# Required action:
Please retype only the lines below that run from the one containing "1522 Fieldstone Dr, Lawrenceburg, KY 40342" through the last line, both included, without altering a word.

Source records
◇ ◇ ◇ ◇ ◇ ◇ ◇

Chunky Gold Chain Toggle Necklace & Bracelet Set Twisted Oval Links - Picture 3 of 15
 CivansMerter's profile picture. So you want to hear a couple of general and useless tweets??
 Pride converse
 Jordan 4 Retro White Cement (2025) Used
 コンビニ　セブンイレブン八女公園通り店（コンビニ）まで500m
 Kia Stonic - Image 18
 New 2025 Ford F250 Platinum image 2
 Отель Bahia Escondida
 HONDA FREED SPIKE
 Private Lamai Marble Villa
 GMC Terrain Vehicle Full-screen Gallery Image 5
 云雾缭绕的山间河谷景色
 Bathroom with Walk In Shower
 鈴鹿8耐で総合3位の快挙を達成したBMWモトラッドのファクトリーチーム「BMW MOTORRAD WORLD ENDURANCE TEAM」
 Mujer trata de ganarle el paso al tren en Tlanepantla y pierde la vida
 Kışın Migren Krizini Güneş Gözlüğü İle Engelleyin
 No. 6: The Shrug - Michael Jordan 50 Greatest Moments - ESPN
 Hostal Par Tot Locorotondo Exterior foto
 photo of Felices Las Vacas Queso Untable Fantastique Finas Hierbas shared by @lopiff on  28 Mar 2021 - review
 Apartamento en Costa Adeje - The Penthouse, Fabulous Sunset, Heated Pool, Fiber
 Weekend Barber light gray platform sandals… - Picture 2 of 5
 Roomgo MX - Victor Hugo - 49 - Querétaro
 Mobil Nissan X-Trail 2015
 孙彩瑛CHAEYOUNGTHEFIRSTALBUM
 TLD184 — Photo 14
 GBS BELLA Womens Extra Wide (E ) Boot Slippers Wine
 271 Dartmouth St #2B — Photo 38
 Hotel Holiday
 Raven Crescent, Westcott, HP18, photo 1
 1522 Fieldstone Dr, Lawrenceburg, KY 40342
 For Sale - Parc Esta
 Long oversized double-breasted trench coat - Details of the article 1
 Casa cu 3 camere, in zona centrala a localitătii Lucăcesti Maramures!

◇ ◇ ◇ ◇ ◇ ◇ ◇

# Output of the exercise:
 1522 Fieldstone Dr, Lawrenceburg, KY 40342
 For Sale - Parc Esta
 Long oversized double-breasted trench coat - Details of the article 1
 Casa cu 3 camere, in zona centrala a localitătii Lucăcesti Maramures!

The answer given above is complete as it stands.